TL;DR
A NR-1 alterada pela Portaria MTP nº 1.419, de 27 de agosto de 2024, incorporou fatores de risco psicossociais ao Gerenciamento de Riscos Ocupacionais (GRO) de forma explícita. Na prática, isso significa que o Programa de Gerenciamento de Riscos (PGR) precisa identificar, avaliar, controlar e revisar exposições ligadas à organização do trabalho, gestão, conteúdo das tarefas e relações, com evidência compatível com auditoria de SST — não um relatório de clima desconexo do inventário de risco. Cronogramas de fiscalização e orientações administrativas devem ser conferidos no MTE e no DOU, não apenas em resumos de terceiros.
O que mudou na lógica da norma
Antes tratada de forma dispersa entre ergonomia, saúde e práticas de RH, a psicossocial passa a ter endereço certo no GRO: o empregador precisa demonstrar método para tratar esses fatores em paridade com outros agentes de risco. A consolidação com PCMSO, denúncias, ergonomia (NR-17) e eventos do eSocial é mandatória em operações maduras — não opcional “se sobrar orçamento”.
Os quatro pilares operacionais (non negotiable)

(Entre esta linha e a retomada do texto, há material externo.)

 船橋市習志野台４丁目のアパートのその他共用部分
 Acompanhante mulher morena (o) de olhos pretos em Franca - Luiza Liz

- Identificação — GHE, dados de absenteísmo, entrevistas, instrumentos validados quando aplicável, canal de denúncia como fonte de dados (com governança).

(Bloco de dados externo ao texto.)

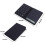 23 Keys Bluetooth Numeric Pad with Touchpad & Calculator, Foldable, Black 2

- Avaliação — critérios explícitos de severidade e probabilidade; documentação de como a classificação foi calibrada internamente.
- Controle — hierarquia: redesenho de tarefa e metas antes de palestra; acordo com operação e financeiro quando houver investimento.

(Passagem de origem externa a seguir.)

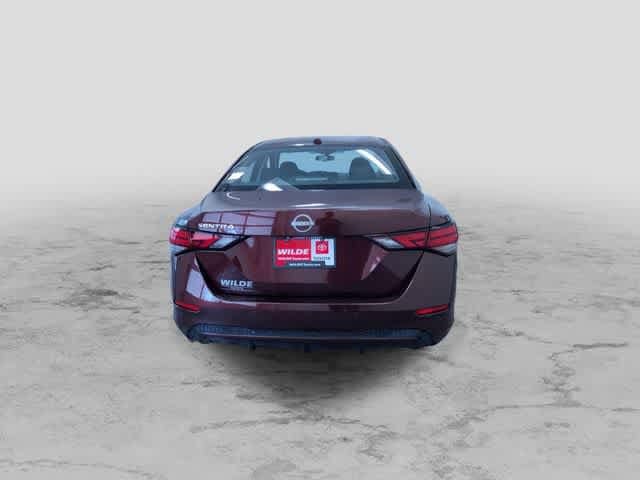 Thumbnail: 2025 Nissan Sentra - 9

- Monitoramento — indicadores acionáveis, revisão datada do PGR e prova de implementação (atas, tickets, ordens de serviço).
Metodologia: COPSOQ e outras ferramentas
O ecossistema brasileiro frequentemente referencia linhas COPSOQ e adaptações COPSOQ-BR para mapear exposições psicossociais com estrutura internacional. Nenhum questionário substitui julgamento técnico sobre amostra, anonymização e aderência ao seu tipo de operação — logística não é banco, call center não é fábrica contínua. LGPD exige base legal, minimização e governança de acesso; RH não deve tratar respostas individuais como desempenho.
Integração com eSocial
Os eventos de SST no eSocial não substituem o PGR, mas expor inconsistência entre exposição informada e controle real pode prejudicar defesa em litígio e multas. Mantenha reconciliação entre medicina, segurança e RH — ver o artigo eSocial SST.
Fiscalização: leitura prudente
O MTE e a Inspeção do Trabalho divulgam orientações e estratégias de fiscalização que evoluem. Data exata do início de autuação plenamente punitiva em todos os contextos deve ser confirmada em fonte oficial atual. Trate comunicados de mercado como alerta, não como lei.
Erros que custam caro
- PGR copiado de outro segmento CNAE sem prova de aderência.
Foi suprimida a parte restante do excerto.